What needs to be done: Give back all the data exactly, line by line.

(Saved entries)
___

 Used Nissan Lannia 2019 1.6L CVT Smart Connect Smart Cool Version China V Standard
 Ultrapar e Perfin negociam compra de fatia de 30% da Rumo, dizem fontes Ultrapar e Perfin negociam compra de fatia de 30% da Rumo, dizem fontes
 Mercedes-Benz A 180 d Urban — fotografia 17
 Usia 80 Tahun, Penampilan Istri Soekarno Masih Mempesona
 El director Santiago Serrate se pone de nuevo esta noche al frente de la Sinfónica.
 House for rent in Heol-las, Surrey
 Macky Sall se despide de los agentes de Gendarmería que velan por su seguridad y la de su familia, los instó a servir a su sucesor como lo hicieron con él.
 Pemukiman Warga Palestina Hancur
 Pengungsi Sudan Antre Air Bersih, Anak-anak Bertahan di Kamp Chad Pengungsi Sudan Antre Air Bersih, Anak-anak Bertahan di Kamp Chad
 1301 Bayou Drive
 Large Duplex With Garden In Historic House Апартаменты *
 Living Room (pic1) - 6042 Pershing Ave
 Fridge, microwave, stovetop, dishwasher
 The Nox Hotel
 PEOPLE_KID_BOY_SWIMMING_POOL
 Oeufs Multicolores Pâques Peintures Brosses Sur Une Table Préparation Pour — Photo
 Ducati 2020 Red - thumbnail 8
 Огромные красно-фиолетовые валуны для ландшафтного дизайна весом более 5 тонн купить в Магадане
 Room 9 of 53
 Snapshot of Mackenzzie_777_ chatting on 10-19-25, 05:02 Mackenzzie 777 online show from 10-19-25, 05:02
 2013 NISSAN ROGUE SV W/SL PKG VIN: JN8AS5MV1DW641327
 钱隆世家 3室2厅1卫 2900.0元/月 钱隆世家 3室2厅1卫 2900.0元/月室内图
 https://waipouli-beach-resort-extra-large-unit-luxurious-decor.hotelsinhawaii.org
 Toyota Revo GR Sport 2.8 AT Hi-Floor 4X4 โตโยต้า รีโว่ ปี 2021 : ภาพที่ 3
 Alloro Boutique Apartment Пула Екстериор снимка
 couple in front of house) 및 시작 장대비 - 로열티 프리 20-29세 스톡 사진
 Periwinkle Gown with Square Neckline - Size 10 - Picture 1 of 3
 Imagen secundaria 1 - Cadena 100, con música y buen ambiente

___

Output of the exercise:
 Used Nissan Lannia 2019 1.6L CVT Smart Connect Smart Cool Version China V Standard
 Ultrapar e Perfin negociam compra de fatia de 30% da Rumo, dizem fontes Ultrapar e Perfin negociam compra de fatia de 30% da Rumo, dizem fontes
 Mercedes-Benz A 180 d Urban — fotografia 17
 Usia 80 Tahun, Penampilan Istri Soekarno Masih Mempesona
 El director Santiago Serrate se pone de nuevo esta noche al frente de la Sinfónica.
 House for rent in Heol-las, Surrey
 Macky Sall se despide de los agentes de Gendarmería que velan por su seguridad y la de su familia, los instó a servir a su sucesor como lo hicieron con él.
 Pemukiman Warga Palestina Hancur
 Pengungsi Sudan Antre Air Bersih, Anak-anak Bertahan di Kamp Chad Pengungsi Sudan Antre Air Bersih, Anak-anak Bertahan di Kamp Chad
 1301 Bayou Drive
 Large Duplex With Garden In Historic House Апартаменты *
 Living Room (pic1) - 6042 Pershing Ave
 Fridge, microwave, stovetop, dishwasher
 The Nox Hotel
 PEOPLE_KID_BOY_SWIMMING_POOL
 Oeufs Multicolores Pâques Peintures Brosses Sur Une Table Préparation Pour — Photo
 Ducati 2020 Red - thumbnail 8
 Огромные красно-фиолетовые валуны для ландшафтного дизайна весом более 5 тонн купить в Магадане
 Room 9 of 53
 Snapshot of Mackenzzie_777_ chatting on 10-19-25, 05:02 Mackenzzie 777 online show from 10-19-25, 05:02
 2013 NISSAN ROGUE SV W/SL PKG VIN: JN8AS5MV1DW641327
 钱隆世家 3室2厅1卫 2900.0元/月 钱隆世家 3室2厅1卫 2900.0元/月室内图
 https://waipouli-beach-resort-extra-large-unit-luxurious-decor.hotelsinhawaii.org
 Toyota Revo GR Sport 2.8 AT Hi-Floor 4X4 โตโยต้า รีโว่ ปี 2021 : ภาพที่ 3
 Alloro Boutique Apartment Пула Екстериор снимка
 couple in front of house) 및 시작 장대비 - 로열티 프리 20-29세 스톡 사진
 Periwinkle Gown with Square Neckline - Size 10 - Picture 1 of 3
 Imagen secundaria 1 - Cadena 100, con música y buen ambiente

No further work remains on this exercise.